- Beschikbaarheid: Op voorraad
- Model: campgate .ASIS.
In de loop der tijd veranderden de grenzen van het Romeinse Rijk – de limes – in verdedigingslinies tegen invallen van barbaarse stammen. Langs deze grenzen werden wachttorens en verdedigingswerken gebouwd om steden en militaire posten te beschermen. Een bijzonder voorbeeld uit deze periode is de Porta Nigra in Trier (Duitsland), de enige bewaard gebleven Romeinse kamppoort. Kamppoorten vormden ook een populair motief op Romeinse munten, vooral tijdens en na de regering van keizer Constantijn de Grote. Deze munten tonen de ingang van een Romeins legerkamp, vaak met indrukwekkende details zoals openstaande deuren, decoraties, en verwijzingen naar specifieke muntplaatsen (officinae). Er bestaan talloze varianten, en sommige zijn tegenwoordig gewilde verzamelobjecten. Deze afbeeldingen dienden als propaganda: het rijk kampte met voortdurende dreiging van barbaarse aanvallen, en door de kracht en verdediging van het leger te benadrukken, werden de burgers gerustgesteld. Hoewel sommige torens op deze munten wel eens als vuurbakens worden aangeduid, is dit waarschijnlijk onjuist. De echte vuurbakens dienden om signalen tussen legerposten door te geven. Veel van deze munten werden geslagen tijdens de burgeroorlog tussen keizer Constantijn in het oosten en zijn rivaal Licinius in het westen – een periode waarin het belang van militaire macht en communicatie centraal stond.
Denominatie:
AE Follis
Conditie:
Zeer fraai
Formaat:
18 mm
Gewicht:
2,45 gr
Periode:
326-327 Na chr.
Muntplaats:
Siscia
Muntsnede:
.ASIS.
Voorzijde:
FL IVL CONSTANTIVS NOB C, Kuras met drapering naar links, gelauwerd. Flavius Julius Constantius nobele keizer.
Achterzijde:
PROVIDENTIAE CAESS, de voorzienigheid van de Keizers. Kamppoort met twee bakens en 1 ster.
Referentie:
RIC VII 203
Flavius Julius Constantius (Grieks: Κωνστάντιος Β', Kōnstantios) (7 augustus 317 - 3 november 361), bekend als Constantius II, was een Romeins keizer van september 337 tot 3 november 361.

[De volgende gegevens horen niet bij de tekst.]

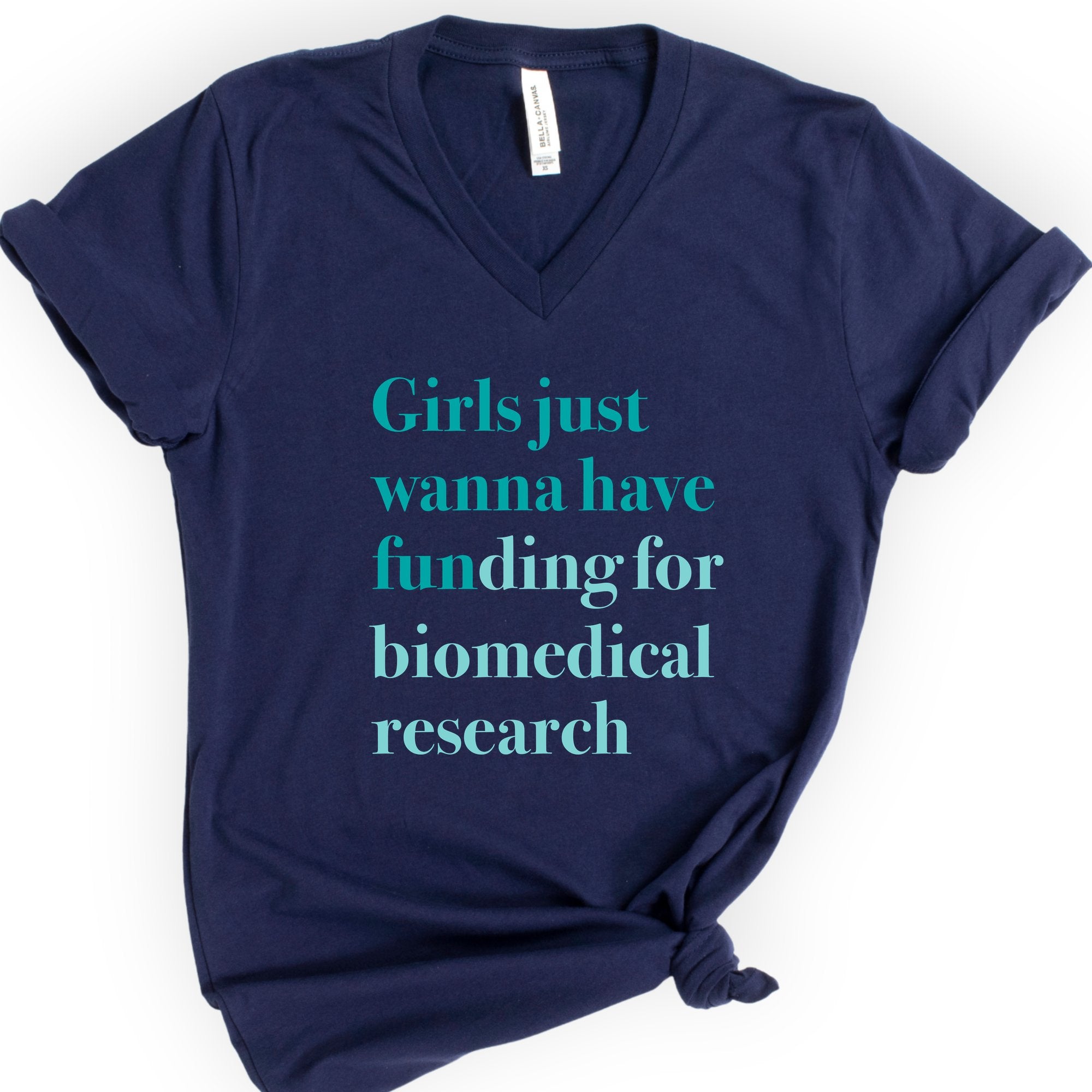 GJWHF - Biomedical Research v-neck t-shirt — Navy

Constantius werd in Sirmium, in Illyricum, als tweede zoon van Constantijn de Grote en diens vrouw Fausta geboren. Op 13 november 324 werd hij door zijn vader tot Caesar benoemd. Omstreeks 335 trouwde hij met zijn eerste vrouw, een dochter van zijn oom Julius Constantius en halfzuster van zijn neef Julianus Apostata.
Toen Constantijn de Grote in mei 337 stierf was Constantius er snel bij om zo veel mogelijk macht te grijpen. Hij was waarschijnlijk de drijvende kracht achter het uitroeien van de halve mannelijke familie van Constantijn. In september datzelfde jaar verdeelde hij het rijk samen met zijn broers Constantijn II en Constans. Constantius kreeg het oostelijke deel, met uitzondering van Thracië, Achaea en Macedonia, dat onder controle van Constans viel.

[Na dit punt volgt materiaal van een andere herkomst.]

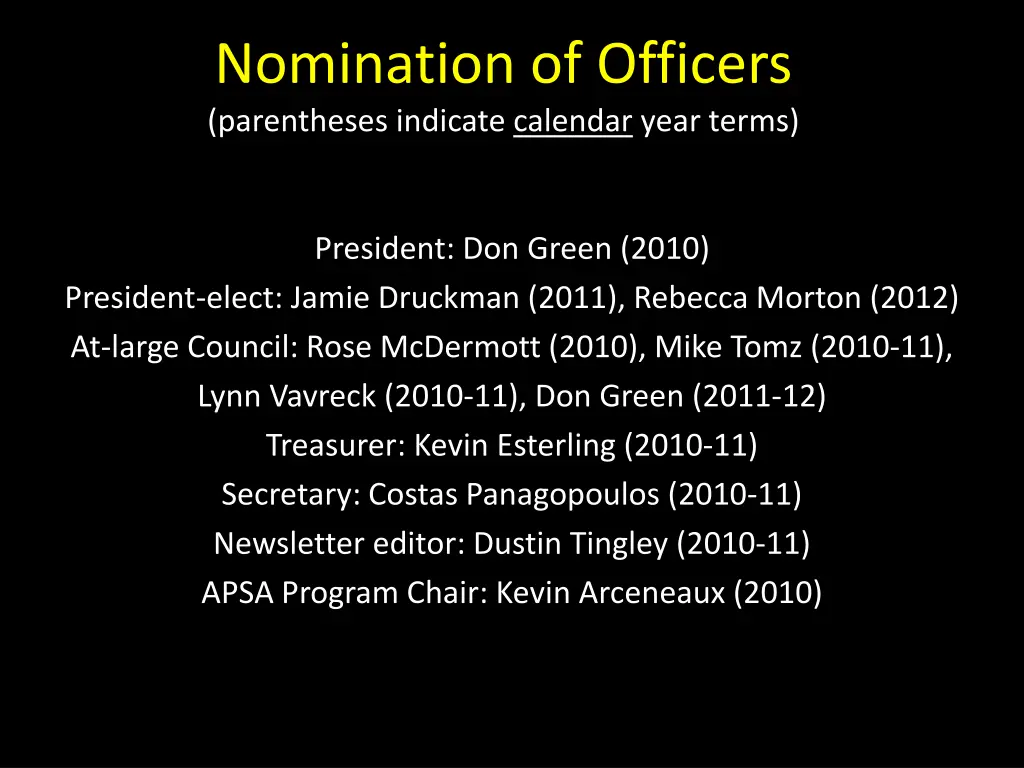 nomination of officers parentheses indicate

In 340 stierf Constantijn II, de oudste van de drie broers, in een slag tegen Constans (de jongste). In 350 werd ook Constans gedood, door een opstand van de usurpator Magnentius. Constantius was nu theoretisch keizer van het complete rijk. Magnentius moest echter nog wel uit de weg worden geruimd. Constantius benoemde derhalve zijn neef Flavius Claudius Constantius Gallus, broer van Julianus Apostata, tot Caesar om in het oosten een oogje in het zeil te houden, terwijl hij zelf naar Italia trok. Constantius voerde twee veldslagen tegen Magnentius, bij Mursa in 351, die onbeslist eindigde, en bij Mons Seleucus in 353, waarin het hem lukte om Magnentius definitief te verslaan. Een jaar later liet Constantius Gallus executeren, omdat deze opstandig werd.
Gedurende Constantius' gehele heerschappij waren er regelmatig invallen van de Perzen. De meeste van deze invallen wist hij af te slaan. Zijn militaire campagnes tegen de Germaanse stammen waren succesvoller: in 354 versloeg hij de Alamanni; in 357 voerde hij ten noorden van de Donau campagne tegen de Quaden en Sarmaten.
In 355 benoemde Constantius op aanraden van zijn tweede vrouw Eusebia zijn neef Julianus (Apostata) tot Caesar, en stuurde hem naar Gallia. Deze had daar echter zoveel succes, dat zijn troepen hem in 360 tot keizer uitriepen. Een burgeroorlog werd voorkomen door de (natuurlijke) dood van Constantius in november 361.